Covid has taught me that healthcare is a people industry. If you have good staff but no equipment, you can make a huge difference. If you have all the equipment in the world, you can’t do a thing without those good staff. And by ‘good’ staff, I mean staff who are motivated and highly trained. They are the thing that’s of greatest value to the Trust. That’s why we have to work so hard to keep our staff and invest in them.
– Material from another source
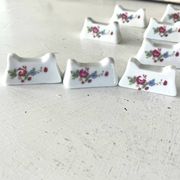 French Porcelain Knife Rests Set of 12 Floral Table Knife Holders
That doesn’t have to be difficult: just giving people the time to follow their passions, to develop and improve their services, can make a big difference.
Accelerating change
In some ways, Covid was like a forest fire. It purged a lot of dead wood. It accelerated a process that needed to happen, and it did it really quickly. Today, if I look at our consultants and nursing teams, there aren’t any significant interpersonal problems. There’s a healthy amount of disagreement, but it’s a cohesive service that’s moving in the same direction. We’re now making plans for the future of critical care: where we want to be in 18 months and what sort of service we aspire to be. Healthcare is never straightforward, and there are huge levels of trauma among our staff post Covid. But there are shoots of recovery. People are starting to feel more hopeful.